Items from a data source
#####

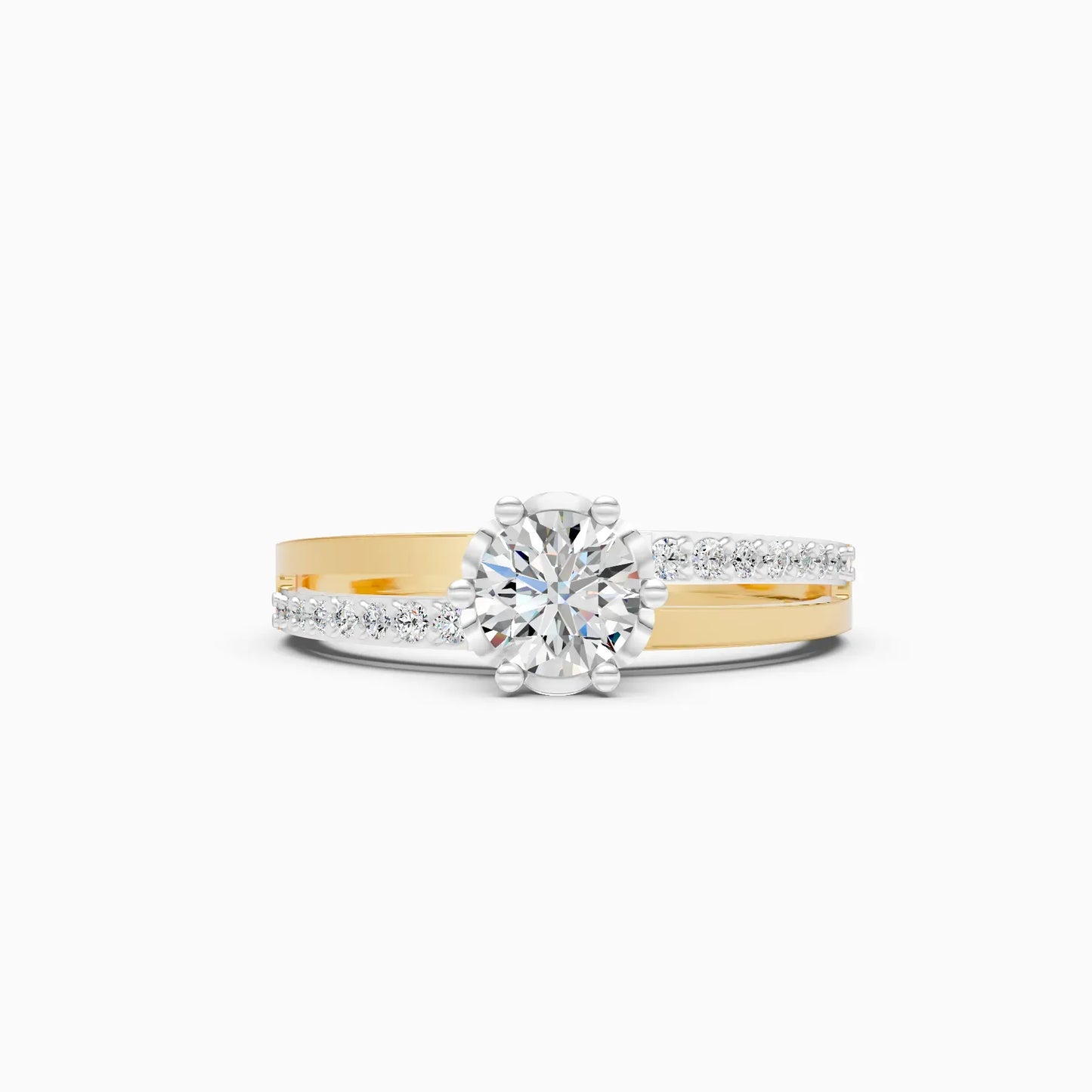 Solitaire With Accents Diamond Gold Ring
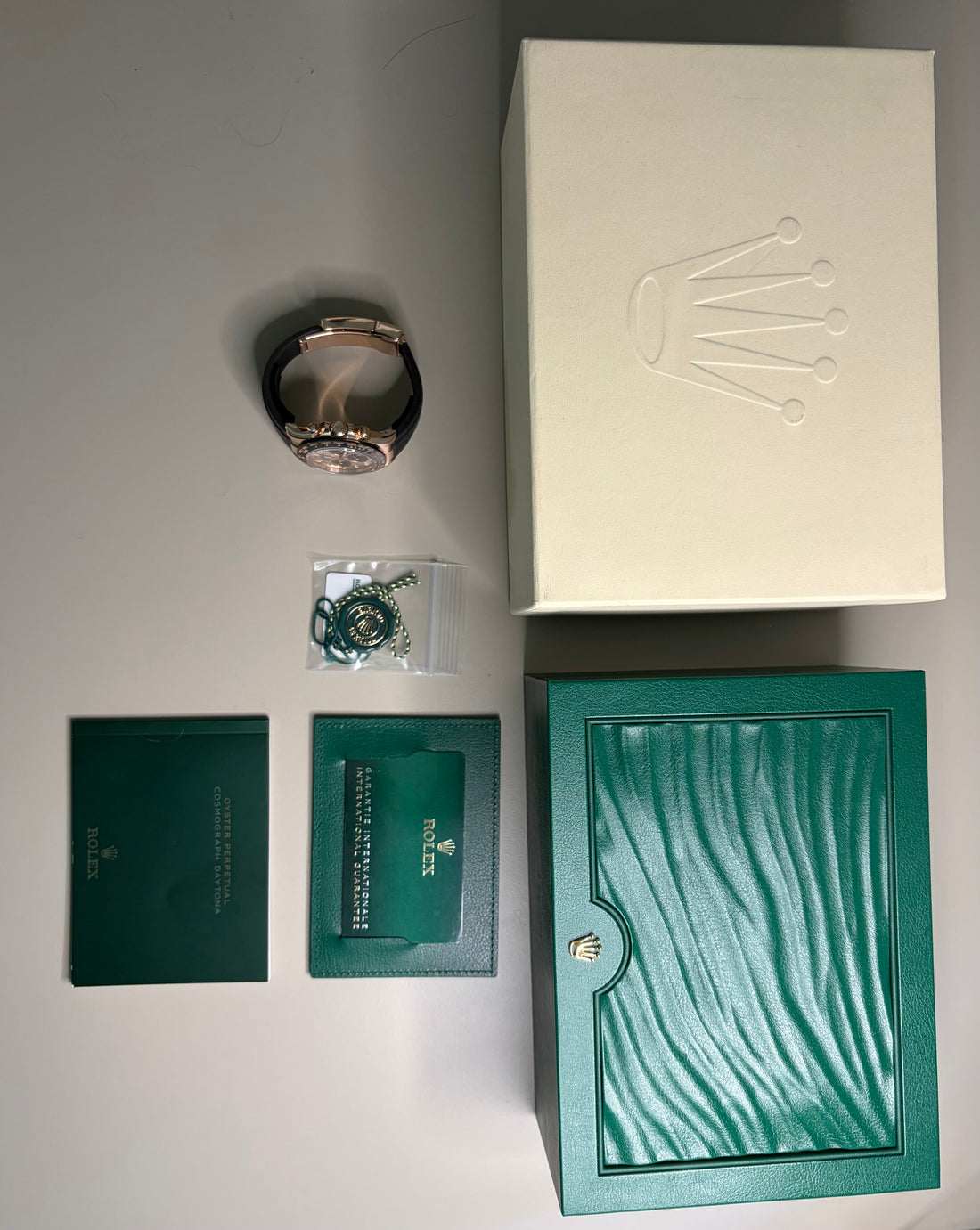 Rolex Daytona 126515LN-0006 Sundust 40mm Everose Gold Oysterflex Watch (2022) BOX & PAPERS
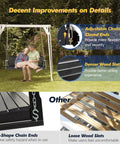 Image showing features of Upgraded Patio Wooden Porch Swing For Courtyard And Garden, Heavy Duty 880 Lbs Swing Chair Bench.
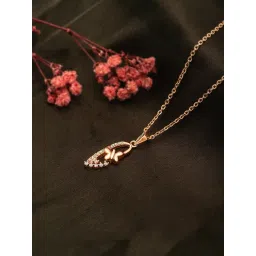 Silberry 92.5 Sterling Silver Rose Gold Serene Pendant with Chain-picture-27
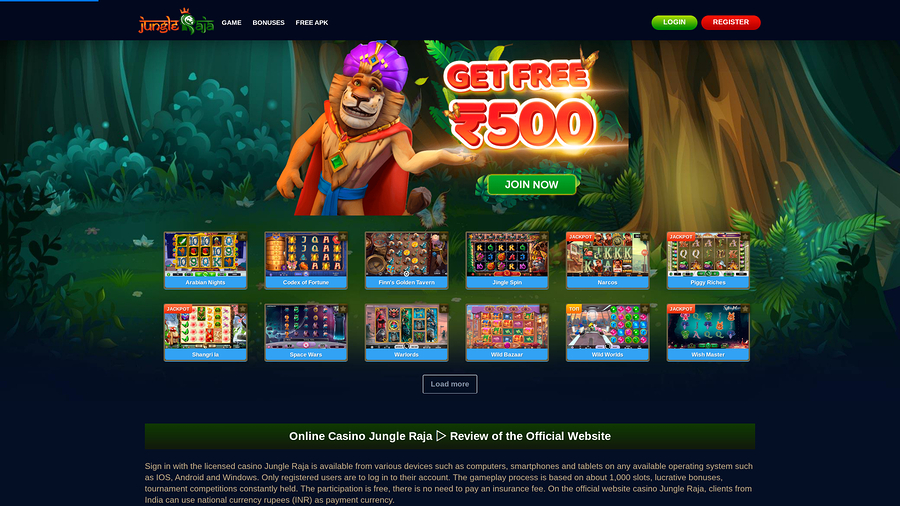 JungleRaja Casino Desktop Homepage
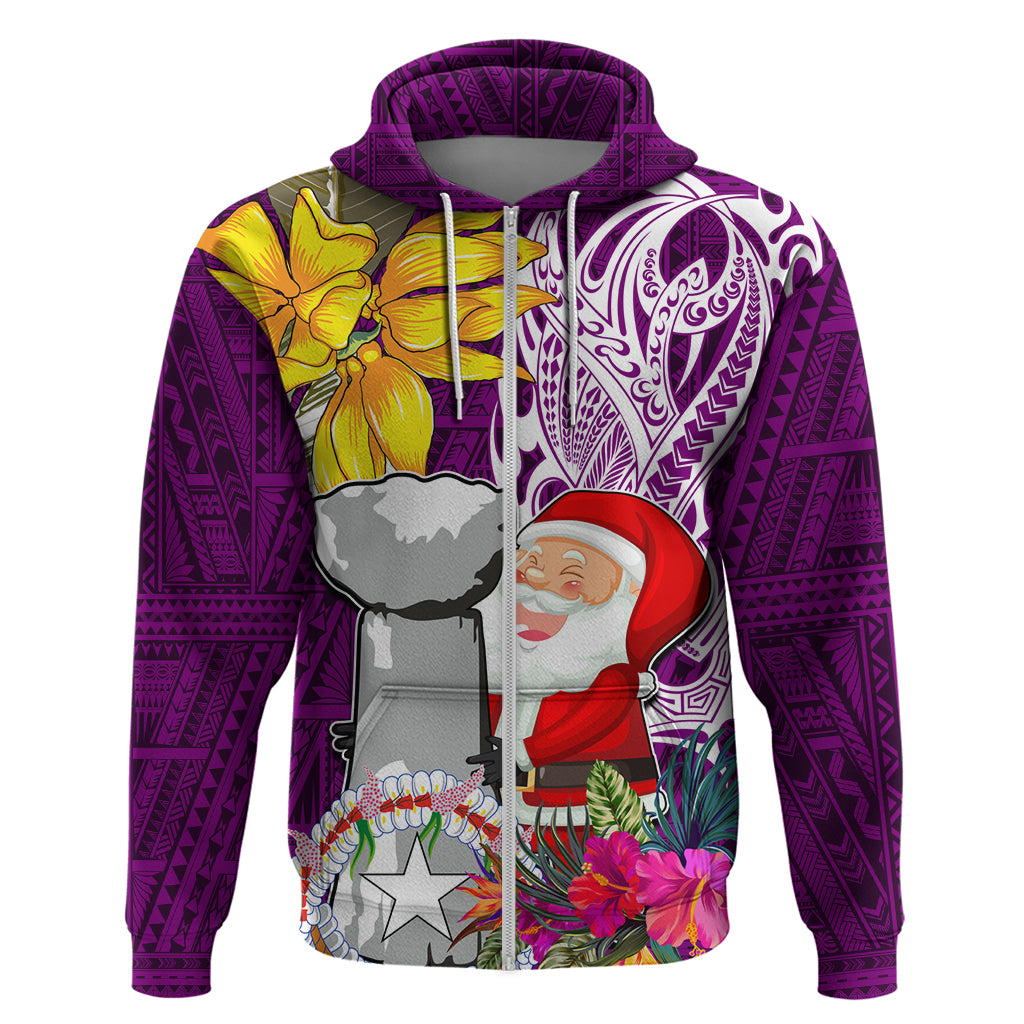 Custom Northern Mariana Islands Christmas Hoodie Funny Santa Hug Latte Stone Ylang-ylang and Polynesia Pattern Pink LT03 Zip Hoodie Pink - Polynesian Pride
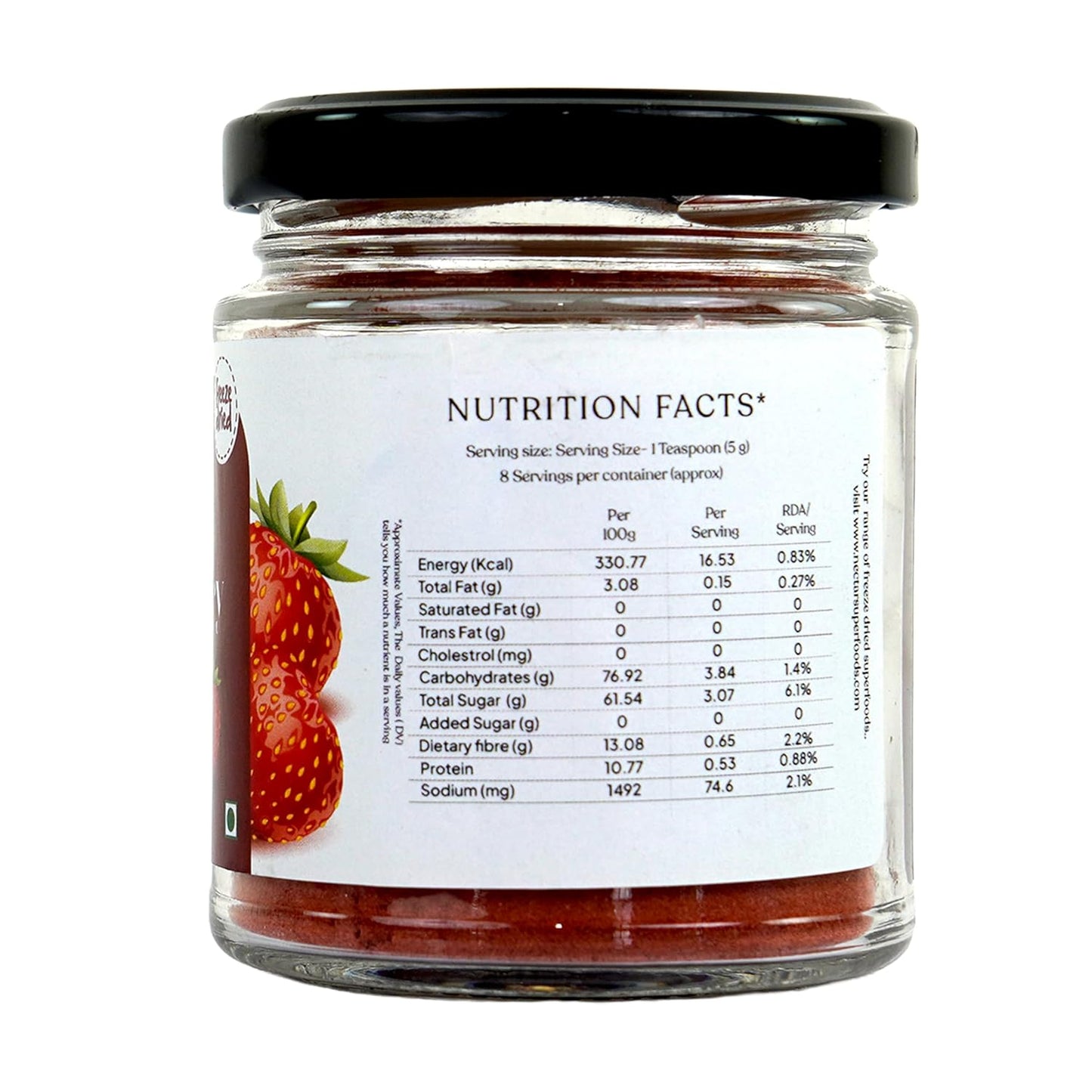 Freeze Dried Strawberry Powder- 60 grams Jar-Pack of 1 Nos | 100% Natural | No Added Sugar, Preservative-Free & Vegan | Processed in India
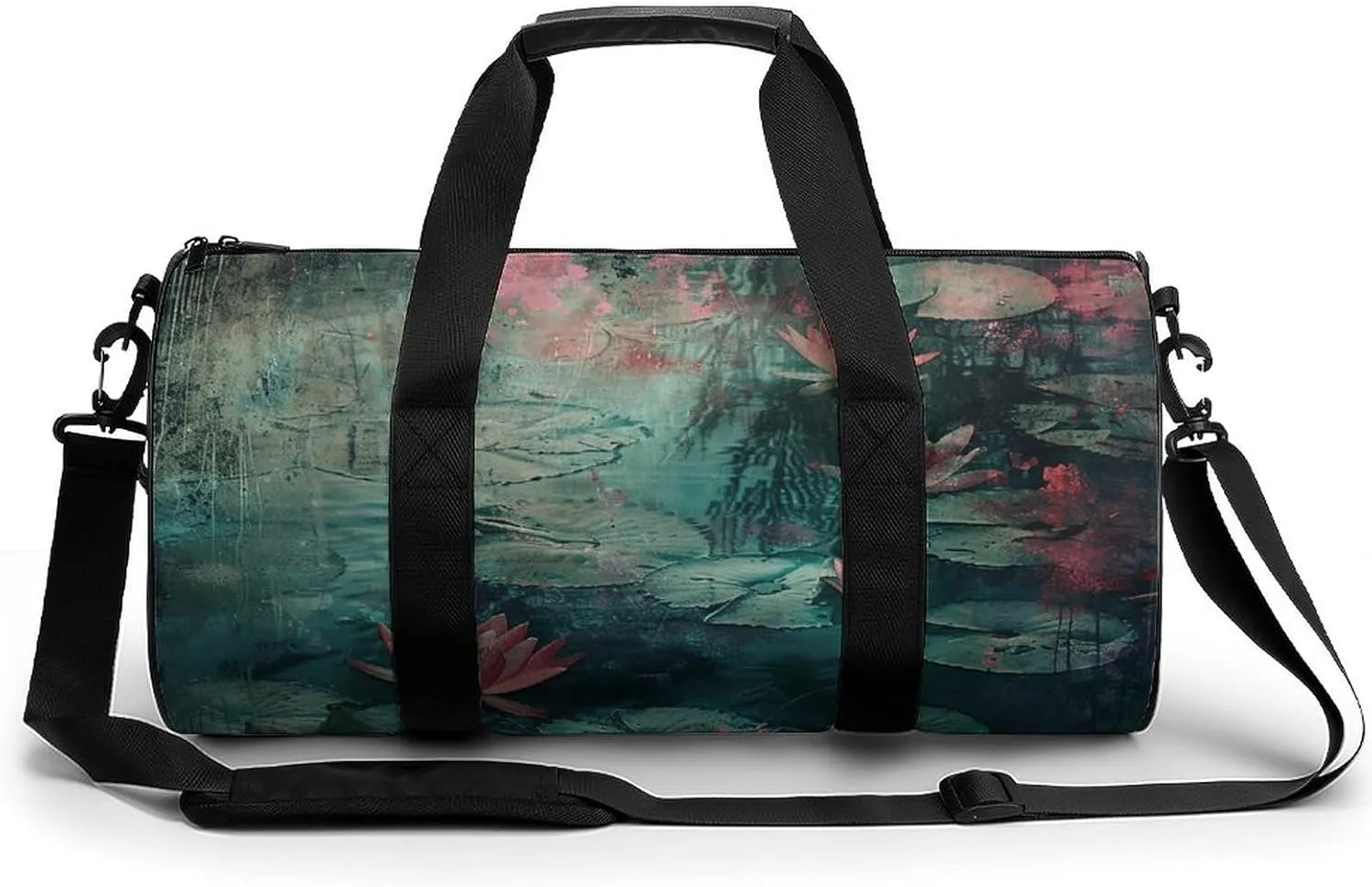 Gym Bag Water Lily Pond Duffel Bag for Men Women Overnight Bag with Shoe Compartment Workout Bags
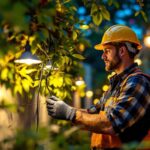 A photograph of a skilled lighting contractor working outdoors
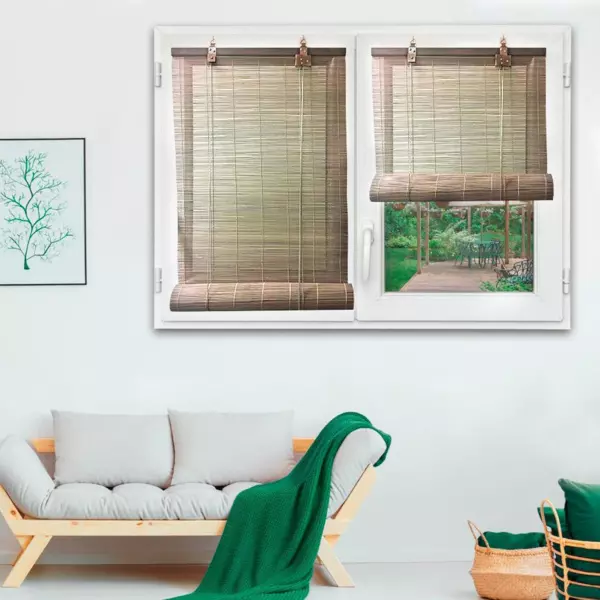 Estor enrollable de varillas (120 x 180 cm) Bamb� Marr�n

#####

= Assigned task =
Each line from the top of the records through the one containing "JungleRaja Casino Desktop Homepage" needs to be transcribed exactly, without pictures.

= The answer =
 Solitaire With Accents Diamond Gold Ring
 Rolex Daytona 126515LN-0006 Sundust 40mm Everose Gold Oysterflex Watch (2022) BOX & PAPERS
 Image showing features of Upgraded Patio Wooden Porch Swing For Courtyard And Garden, Heavy Duty 880 Lbs Swing Chair Bench.
 Silberry 92.5 Sterling Silver Rose Gold Serene Pendant with Chain-picture-27
 JungleRaja Casino Desktop Homepage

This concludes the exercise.